Hulu Plus is a streaming video service that allows viewers to watch Capitol One commercials for only $8 per month.
The 75h book to be pheatured in the Phile's Book Club is...
Bruce will be the guest on the Phile next Monday. And now for some...
Phact 1. In 1903, after camping with John Muir, Teddy Roosevelt established Yosemite as a national park to preserve its “majestic beauty all unmarred.” As president, T.R. signed into existence four other national parks, 18 national monuments, 55 national bird and wildlife refuges, and 150 national forests.
Phact 2. In 1919, William Little, an African American soldier who fought in World War I, was lynched because he refused to take off his uniform when he got back home to Blakey, Georgia.
Phact 3. Pulp Fiction was originally rejected by TriStar, with them saying, “This is the worst thing ever written. It makes no sense. Someone’s dead and then they’re alive. It’s too long, violent, and unfilmable.”

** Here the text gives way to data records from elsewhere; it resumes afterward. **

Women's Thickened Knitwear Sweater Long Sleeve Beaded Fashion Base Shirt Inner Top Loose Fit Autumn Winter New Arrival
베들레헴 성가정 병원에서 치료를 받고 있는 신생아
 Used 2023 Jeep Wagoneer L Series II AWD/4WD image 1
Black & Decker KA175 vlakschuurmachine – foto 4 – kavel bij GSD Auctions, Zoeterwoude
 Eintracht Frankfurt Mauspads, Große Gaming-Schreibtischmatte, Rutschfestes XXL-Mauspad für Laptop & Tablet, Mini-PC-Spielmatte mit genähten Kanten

Phact 4. Albert Göring, the younger brother of the head of Luftwaffe Hermann Göring, helped many Jews and dissidents survive in Germany by forging his brother’s signature and falsifying transit documents.
Phact 5. JFK had a younger sister, Rosemary, who received a lobotomy which made her unable to walk or speak. This was his and his brother’s main motivation for all they did for individuals with special needs.
Today's guest is a British singer-songwriter and guitarist, best known as being the lead vocalist and frontman for the rock group the Feeling, whose latest self-titled CD is available on iTunes, Amazon and Spotify. Please welcome to the Phile... Dan Gillespie Sells.
Me: Hi, Dan, welcome to the Phile, how are you sir?
Dan: I'm good. My pleasure, and you're welcome.
Me: So, I love your latest self-titled album and "Spiraling" is a great song. It could be about my life. Maybe it'll become my theme song. What was the story behind that song?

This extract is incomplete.